Héber H. Arcolezi, Mina Alishahi, Adda-Akram Bendoukha et al.

Machine learning (ML) algorithms are heavily based on the availability of training data, which, depending on the domain, often includes sensitive information about data providers. This raises critical privacy concerns. Anonymization techniques have emerged as a practical solution to address these issues by generalizing features or suppressing data to make it more difficult to accurately identify individuals. Although recent studies have shown that privacy-enhancing technologies can influence ML predictions across different subgroups, thus affecting fair decision-making, the specific effects of anonymization techniques, such as $k$-anonymity, $\ell$-diversity, and $t$-closeness, on ML fairness remain largely unexplored. In this work, we systematically audit the impact of anonymization techniques on ML fairness, evaluating both individual and group fairness. Our quantitative study reveals that anonymization can degrade group fairness metrics by up to fourfold. Conversely, similarity-based individual fairness metrics tend to improve under stronger anonymization, largely as a result of increased input homogeneity. By analyzing varying levels of anonymization across diverse privacy settings and data distributions, this study provides critical insights into the trade-offs between privacy, fairness, and utility, offering actionable guidelines for responsible AI development. Our code is publicly available at: https://github.com/hharcolezi/anonymity-impact-fairness.

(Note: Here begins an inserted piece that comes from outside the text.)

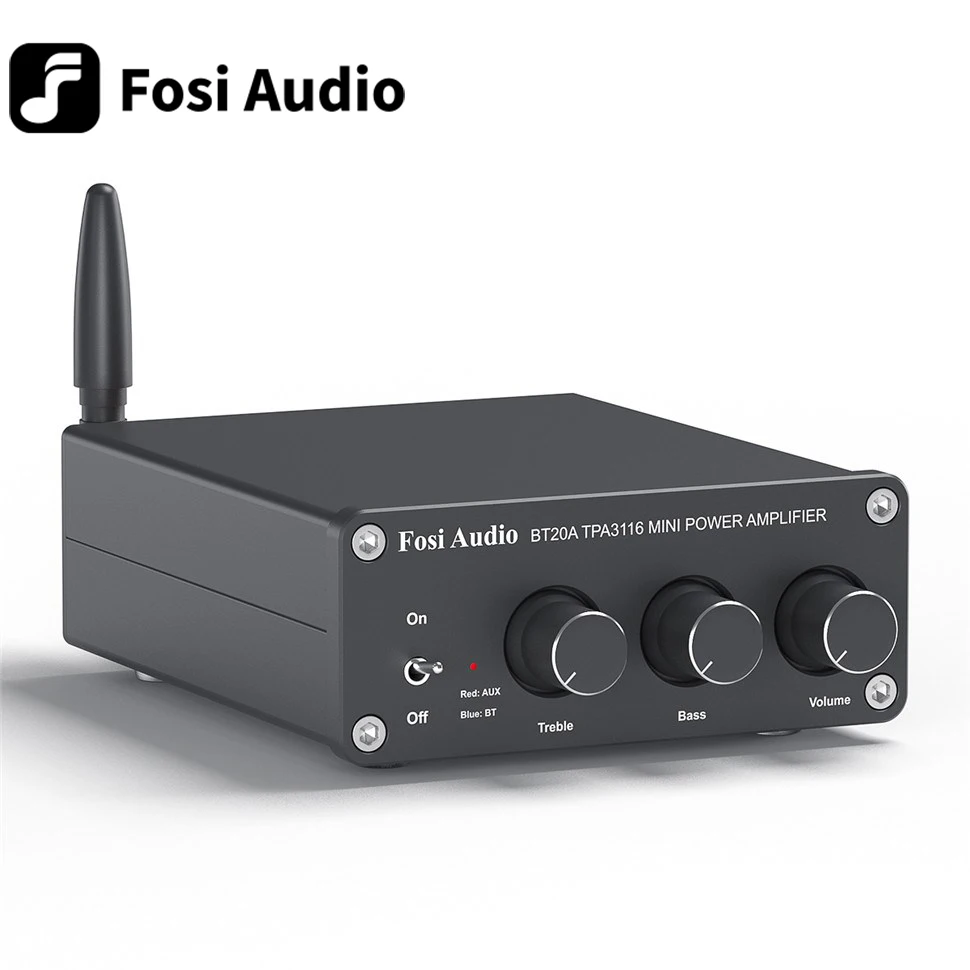 Fosi Audio BT20A Bluetooth TPA3116D2 Sound Power Amplifier 100W Mini HiFi Stereo Class D Amp Bass Treble For Home Theater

Claudio Bellei, Hussain Alattas, Nesrine Kaaniche

We show that a modification of the first layer of a Graph Convolutional Network (GCN) can be used to effectively propagate label information across neighbor nodes, for binary and multi-class classification problems. This is done by selectively eliminating self-loops for the label features during the training phase of a GCN. The GCN architecture is otherwise unchanged, without any extra hyper-parameters, and can be used in both a transductive and inductive setting. We show through several experiments that, depending on how many labels are available during the inference phase, this strategy can lead to a substantial improvement in the model performance compared to a standard GCN approach, including with imbalanced datasets.